During Michaelmas Term 2023, Kira Kohlgrüber (Frankfurt) and Karen Wenzel (Augsburg) worked as research interns with Henrike Lähnemann. Here Kira reports on behalf of both of them on highlights of their time in the city, on working with manuscripts, Reformation pamphlets, and xml, and being part of the History of the Book group at the Faculty of Medieval and Modern Languages.

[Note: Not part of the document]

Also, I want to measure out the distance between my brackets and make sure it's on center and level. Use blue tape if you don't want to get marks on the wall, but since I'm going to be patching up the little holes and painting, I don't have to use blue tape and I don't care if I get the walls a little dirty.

When I flew to Oxford in September, it was a very exciting experience. Initially, I gained a considerable amount of technical knowledge related to working with digital editions through the XML Summer School. In the beginning, I was somewhat on my own, but I had the opportunity to explore Oxford, its beautiful architecture, and meet its very friendly people. Early on, I participated in the two-day workshop titled Itinaries of the Grotesque by Raphaële Garrod and Raymond Carlson. The workshop explored the various natures of grotesque representations in art and literature from different European and transatlantic origins. It took place at the beautiful Magdalen College in Oxford, providing a fascinating insight into interdisciplinary work across various disciplines.

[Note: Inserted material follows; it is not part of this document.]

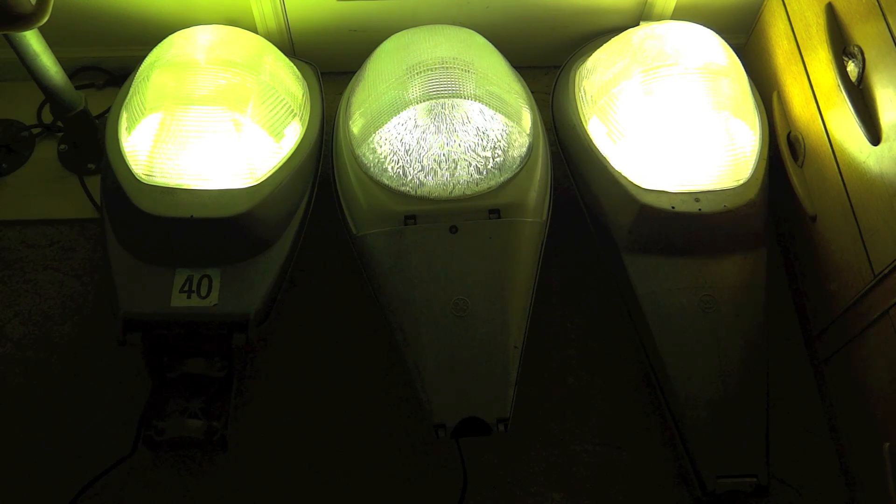All three of these lights are at full brightness right now. The dimmest one is the GE M400, and then it goes to the Krauss-Heinz L250, and then the Westinghouse OV25 is the brightest.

After a few weeks, Karen joined, and it was delightful to share the experience of an internship at such a prestigious university as Oxford with another person. At the start of the actual internship, it wasn’t entirely clear how our time in Oxford would unfold. Henrike Lähnemann had mentioned some topics that might come up during the Michaelmas Term, but the specifics of what we, as interns, would be doing were clarified only shortly before. The initial days in England were relatively relaxed, with organizational events, introductions to buildings, and the internship, leaving enough time to explore the city in the afternoons.
Soon, it became apparent that our main task would be contributing to the edition of the Lutheran pamphlet called the “Mönchkalb.” Since there was still much work to be done on this edition, it occupied almost the entire term. We were able to support and directly engage in the editing work. Previously, we hadn’t dealt much with Luther’s pamphlets and had primarily worked with manuscripts rather than prints, especially not with editions in four different languages. However, this work in a related but new field added to the allure. I worked on completing the French version and Karen on the Latin Interpretatio Monachouituli Monstri Fribergae .
Amidst this work, there was still time for other activities. Henrike Lähnemann frequently encouraged us to attend various events and visit different places. For instance, in early November, we had the opportunity to attend the one-day workshop Germanic Collections in Britain at UCL in London.
Additionally, we had the chance to try our hand at early modern printing presses. The Bodleian Libraries’ print workshop had several printing presses, with a special highlight being a replica of the Dürer press made of wood, operated with considerable physical effort. We were able to print the fascinating and handmade Dürer alphabet. Being in a real printing press, manually bringing our texts to paper with lead letters and ink, felt like a leap back into the early modern period. This experience helped us better understand the typographical errors in Luther’s texts, as it’s remarkably easy to grab the wrong letter in the heat of the moment.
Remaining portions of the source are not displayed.